Start of MATERIAL FOR THIS TASK
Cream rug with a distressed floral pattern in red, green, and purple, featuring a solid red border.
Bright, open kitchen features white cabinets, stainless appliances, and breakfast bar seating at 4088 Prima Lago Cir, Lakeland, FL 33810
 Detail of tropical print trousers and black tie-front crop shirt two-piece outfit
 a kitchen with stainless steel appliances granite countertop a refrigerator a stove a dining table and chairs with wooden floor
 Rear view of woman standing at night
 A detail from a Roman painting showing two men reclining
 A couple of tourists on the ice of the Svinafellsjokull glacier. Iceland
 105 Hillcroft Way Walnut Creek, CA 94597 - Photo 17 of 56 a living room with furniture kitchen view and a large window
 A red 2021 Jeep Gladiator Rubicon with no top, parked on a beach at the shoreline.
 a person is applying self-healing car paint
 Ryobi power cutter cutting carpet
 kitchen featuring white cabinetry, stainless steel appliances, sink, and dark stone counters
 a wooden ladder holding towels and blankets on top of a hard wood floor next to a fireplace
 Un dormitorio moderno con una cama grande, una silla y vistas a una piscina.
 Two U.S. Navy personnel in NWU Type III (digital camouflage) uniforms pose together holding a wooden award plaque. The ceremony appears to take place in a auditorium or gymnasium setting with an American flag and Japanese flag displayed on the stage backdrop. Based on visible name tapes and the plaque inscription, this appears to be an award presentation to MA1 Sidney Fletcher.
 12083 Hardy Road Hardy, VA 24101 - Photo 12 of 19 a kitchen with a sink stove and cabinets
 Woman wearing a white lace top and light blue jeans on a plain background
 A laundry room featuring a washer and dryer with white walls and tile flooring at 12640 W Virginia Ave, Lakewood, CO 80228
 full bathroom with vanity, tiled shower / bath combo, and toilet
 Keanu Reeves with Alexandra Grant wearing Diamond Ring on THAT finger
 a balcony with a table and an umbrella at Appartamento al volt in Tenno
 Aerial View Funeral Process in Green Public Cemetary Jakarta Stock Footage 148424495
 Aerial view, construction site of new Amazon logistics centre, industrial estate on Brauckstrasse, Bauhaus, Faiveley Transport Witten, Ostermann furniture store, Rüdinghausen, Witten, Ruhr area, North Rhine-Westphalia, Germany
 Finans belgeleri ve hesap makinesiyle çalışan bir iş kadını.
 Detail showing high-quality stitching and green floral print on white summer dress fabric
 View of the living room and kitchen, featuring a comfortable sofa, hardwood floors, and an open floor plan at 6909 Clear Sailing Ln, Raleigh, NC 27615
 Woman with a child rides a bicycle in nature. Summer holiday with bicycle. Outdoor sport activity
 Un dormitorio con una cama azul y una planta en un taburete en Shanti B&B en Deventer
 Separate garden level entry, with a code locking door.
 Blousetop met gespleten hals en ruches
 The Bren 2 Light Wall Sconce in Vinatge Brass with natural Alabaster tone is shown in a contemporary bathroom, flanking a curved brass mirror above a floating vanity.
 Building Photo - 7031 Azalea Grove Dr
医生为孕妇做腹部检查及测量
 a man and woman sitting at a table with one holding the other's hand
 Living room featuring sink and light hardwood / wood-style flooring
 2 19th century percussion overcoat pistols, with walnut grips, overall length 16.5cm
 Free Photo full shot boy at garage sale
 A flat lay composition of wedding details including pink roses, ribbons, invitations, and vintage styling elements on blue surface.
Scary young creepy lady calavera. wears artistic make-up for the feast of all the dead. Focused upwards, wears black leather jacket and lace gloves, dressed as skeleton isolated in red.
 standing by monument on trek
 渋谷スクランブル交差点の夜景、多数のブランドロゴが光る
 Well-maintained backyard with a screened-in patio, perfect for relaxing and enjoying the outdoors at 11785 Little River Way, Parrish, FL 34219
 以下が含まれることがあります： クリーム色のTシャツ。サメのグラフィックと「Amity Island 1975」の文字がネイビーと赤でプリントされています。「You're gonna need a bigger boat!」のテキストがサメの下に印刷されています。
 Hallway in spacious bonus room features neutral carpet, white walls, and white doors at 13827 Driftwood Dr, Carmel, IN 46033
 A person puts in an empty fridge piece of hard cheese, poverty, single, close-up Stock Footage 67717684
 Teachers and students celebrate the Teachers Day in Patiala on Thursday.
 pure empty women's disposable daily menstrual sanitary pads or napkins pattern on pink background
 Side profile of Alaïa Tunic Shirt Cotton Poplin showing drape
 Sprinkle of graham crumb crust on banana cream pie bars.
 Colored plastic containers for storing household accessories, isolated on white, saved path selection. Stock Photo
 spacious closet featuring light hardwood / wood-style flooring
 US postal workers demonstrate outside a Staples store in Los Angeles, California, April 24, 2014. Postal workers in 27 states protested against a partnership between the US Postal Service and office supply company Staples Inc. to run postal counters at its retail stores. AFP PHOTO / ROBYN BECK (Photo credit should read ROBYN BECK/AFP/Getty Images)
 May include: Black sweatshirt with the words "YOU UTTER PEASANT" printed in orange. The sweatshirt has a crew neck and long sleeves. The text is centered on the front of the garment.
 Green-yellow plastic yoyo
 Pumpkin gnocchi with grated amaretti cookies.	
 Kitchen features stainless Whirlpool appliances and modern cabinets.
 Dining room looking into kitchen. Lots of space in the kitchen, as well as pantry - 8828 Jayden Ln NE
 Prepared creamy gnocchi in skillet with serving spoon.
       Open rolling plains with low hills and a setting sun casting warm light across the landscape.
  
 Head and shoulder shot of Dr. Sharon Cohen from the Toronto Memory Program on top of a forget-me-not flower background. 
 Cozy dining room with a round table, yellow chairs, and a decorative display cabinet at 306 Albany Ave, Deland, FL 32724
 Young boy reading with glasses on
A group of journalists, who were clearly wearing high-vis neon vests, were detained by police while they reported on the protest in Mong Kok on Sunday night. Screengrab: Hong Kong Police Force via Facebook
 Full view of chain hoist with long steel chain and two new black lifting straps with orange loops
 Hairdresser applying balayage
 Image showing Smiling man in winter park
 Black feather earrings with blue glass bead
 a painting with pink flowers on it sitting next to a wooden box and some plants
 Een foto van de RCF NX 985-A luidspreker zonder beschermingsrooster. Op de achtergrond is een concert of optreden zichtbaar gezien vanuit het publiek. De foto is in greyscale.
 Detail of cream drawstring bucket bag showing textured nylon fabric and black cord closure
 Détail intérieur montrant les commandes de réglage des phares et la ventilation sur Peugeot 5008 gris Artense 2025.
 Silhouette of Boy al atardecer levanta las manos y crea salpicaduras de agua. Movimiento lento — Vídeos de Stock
End of MATERIAL FOR THIS TASK
From the records above, print exactly the lines that run from the line with "A couple of" to the line with "Un dormitorio moderno", inclusive.

WRITTEN RESPONSE -
 A couple of tourists on the ice of the Svinafellsjokull glacier. Iceland
 105 Hillcroft Way Walnut Creek, CA 94597 - Photo 17 of 56 a living room with furniture kitchen view and a large window
 A red 2021 Jeep Gladiator Rubicon with no top, parked on a beach at the shoreline.
 a person is applying self-healing car paint
 Ryobi power cutter cutting carpet
 kitchen featuring white cabinetry, stainless steel appliances, sink, and dark stone counters
 a wooden ladder holding towels and blankets on top of a hard wood floor next to a fireplace
 Un dormitorio moderno con una cama grande, una silla y vistas a una piscina.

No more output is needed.